Diz o horóscopo que os do signo de Áries não devem de modo 
algum se arriscar no dia de hoje.
Sou do signo de Áries e daqui a pouco, em plena noite, devo 
embarcar num avião para a China. Escalas? Dacar, Paris, Praga, 
Omsk, Irkutsk e finalmente Pequim. Quer dizer, atravessarei 
quatro continentes: América, África, Europa e Ásia. É continente 
demais, hein!
“Melhor tomar antes um chope duplo ali no bar do Lucas, 
defronte ao mar de Copacabana, ficar ouvindo a voz espumejante 
das ondas e esquecer que passarei horas e horas naquela “coisa” 

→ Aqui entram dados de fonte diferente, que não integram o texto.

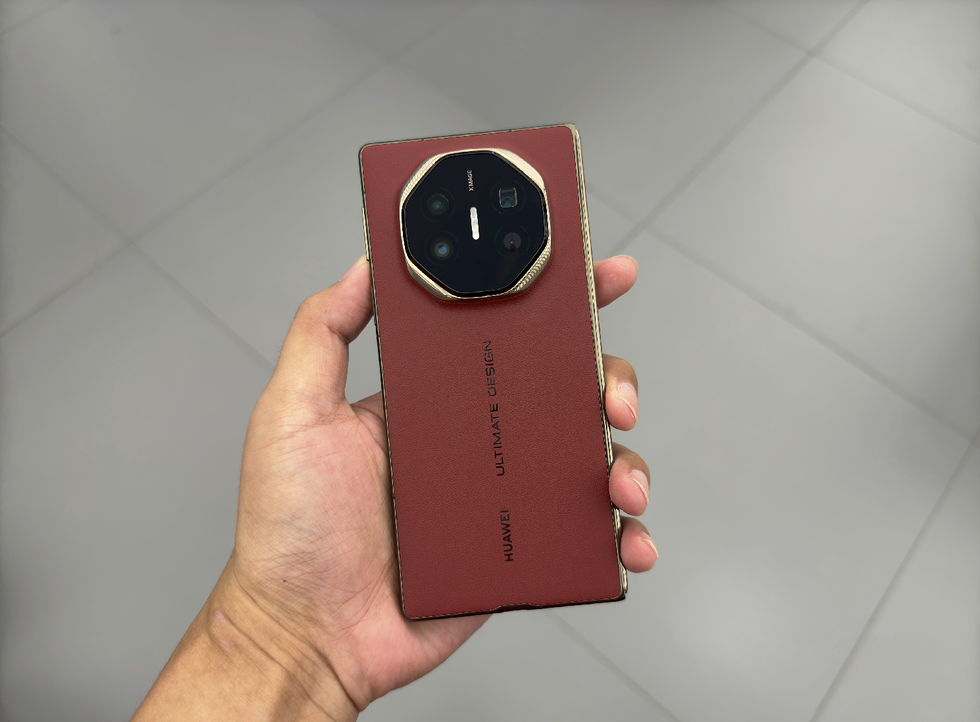 Trên tay smartphone màn hình gập ba của Huawei, giá từ 2.800 USD - 3 Trên tay smartphone màn hình gập ba của Huawei, giá từ 2.800 USD - 3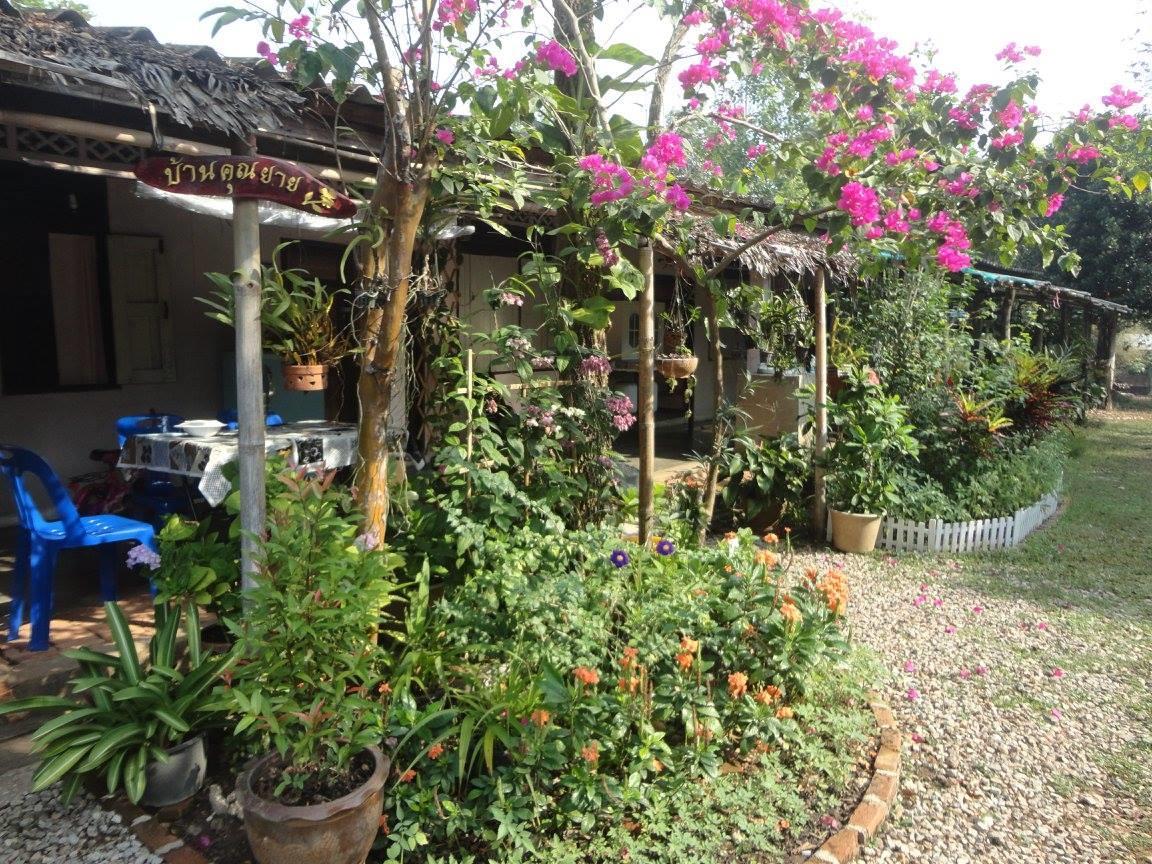 Grandma'S Home Sangkhlaburi Exterior photo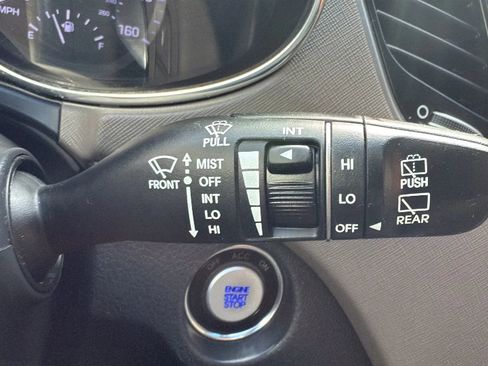 Used 2017 Hyundai Santa Fe Limited w/ Cargo Package image 14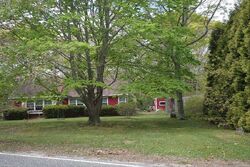 Pre-foreclosure in  LYNN AVE Hampton Bays, NY 11946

que às vezes a gente ouve cortar o céu tão rapidamente e com um 
silvo tão desesperado que quando se olha para as nuvens não se vê 
mais nada. Nada. A “coisa” já sumiu nas asas do vento, ah! quisera 
eu ter agora asas assim como os pássaros e anjos porque voar com 
asas alheias e ainda com o astral contra... É melhor repetir a frase 
do velho soldado antes de seguir para a guerra: “Treme, carcaça, 
treme e mais tremerás ainda se souberes para onde vou te levar!”.
(Lygia Fagundes Telles. Passaporte para a China)

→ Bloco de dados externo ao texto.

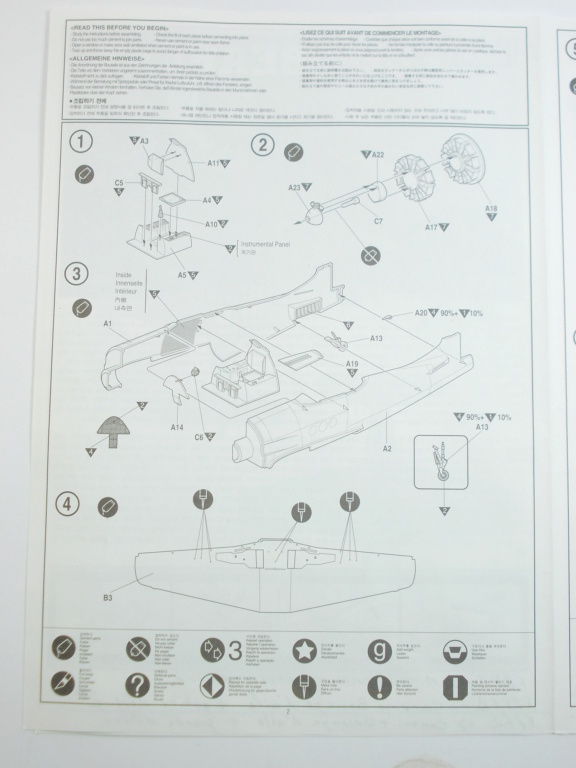 1/48  - F8F Bearcat - Academy   Acad_113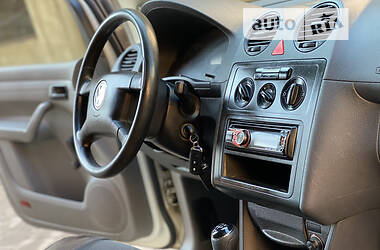 Минивэн Volkswagen Caddy 2007 в 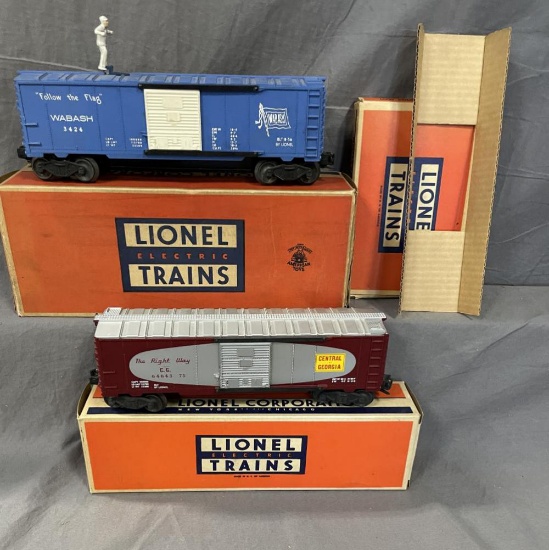 Nice Boxed Lionel 3424 & 6464-375 Freights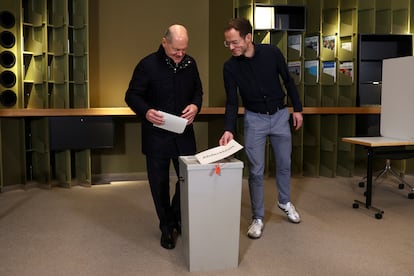 El candidato del partido socialdemócrata (SPD), Olaf Scholz, momentos antes de votar en Potsdam, este domingo.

07.	 De acordo com o texto, é correto afirmar que a autora
(A) está apreensiva, pois está prestes a viajar para a China, 
o que considera um risco.
(B) tem medo de avião, por isso decide cancelar a viagem.
(C) busca no horóscopo um conforto para a angústia que 
sente antes de viajar.
(D) sente a proximidade da morte, por isso vai rever o amigo 
Lucas e lembra-se da frase do velho soldado.

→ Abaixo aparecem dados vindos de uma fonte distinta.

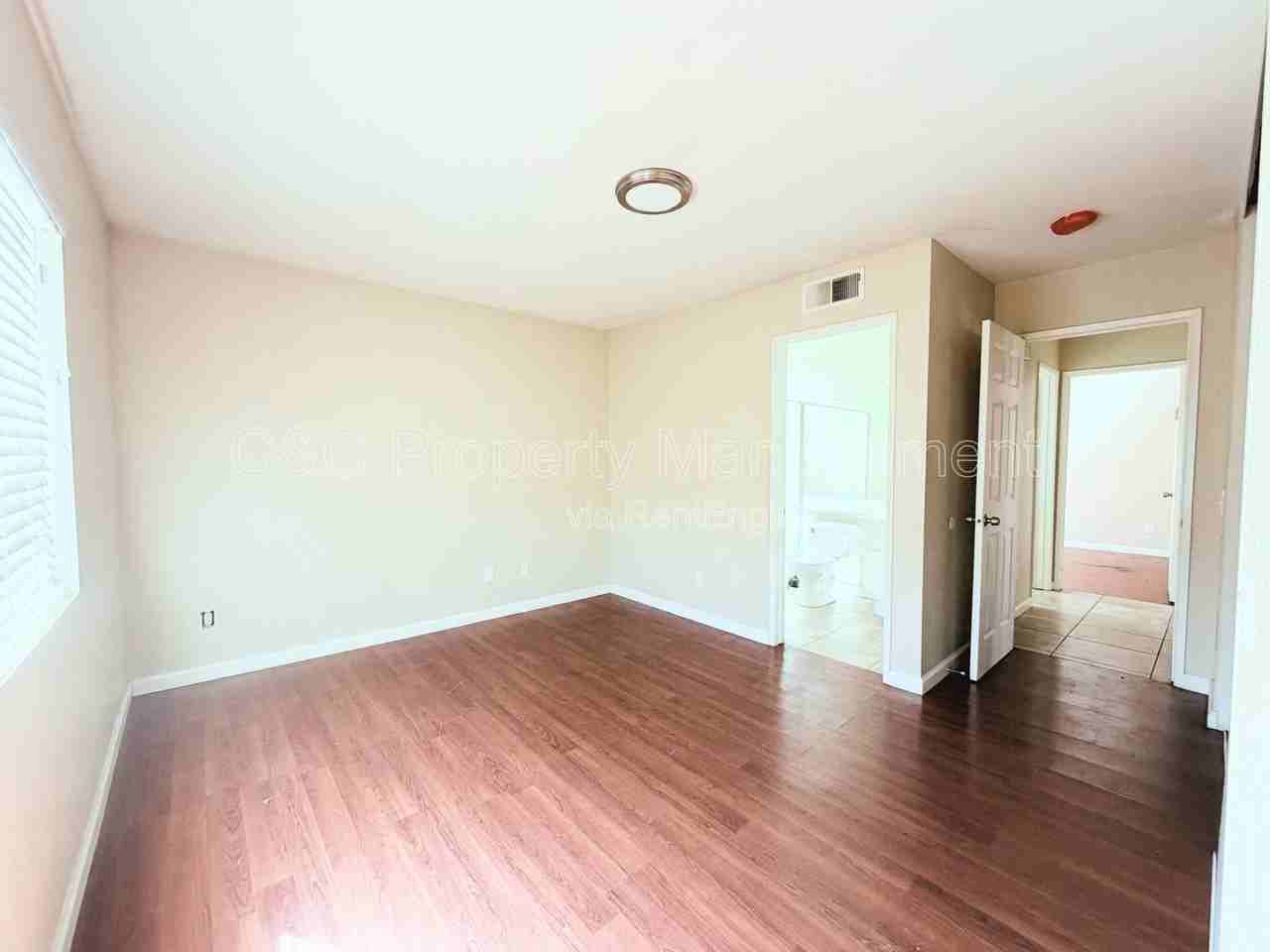 13489 Monterey Way - Photo 5 of 7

(E) afirma que gostaria de ter asas como os pássaros para 
escapar dos problemas enfrentados por sua família.
08.	 As aspas na palavra “coisa” e na frase – “Treme, carcaça, 
treme e mais tremerás ainda se souberes para onde vou te 
levar!” (2.º parágrafo) – foram empregadas, respectivamente, 
para
(A) destacar estrangeirismo; indicar trecho de um diálogo.
(B) acentuar o valor significativo da palavra; indicar que a 
frase foi traduzida.
(C) indicar o título de uma obra; realçar a importância da 
frase.
(D) realçar uma ideia; refletir sobre determinado aconteci-
mento.
(E) sugerir ironia; identificar uma citação.
09.	 O trecho – ... ah! quisera eu ter agora asas... (2.º parágrafo) 
– expressa
(A) episódio ocorrido no momento presente da narrativa.
(B) busca de uma compensação imaginária para o que aflige 
a narradora.
(C) esperança com relação ao futuro distante.
(D) fato realizado no passado próximo ao momento narrado.
(E) dúvida quanto à decisão a ser tomada naquele instante.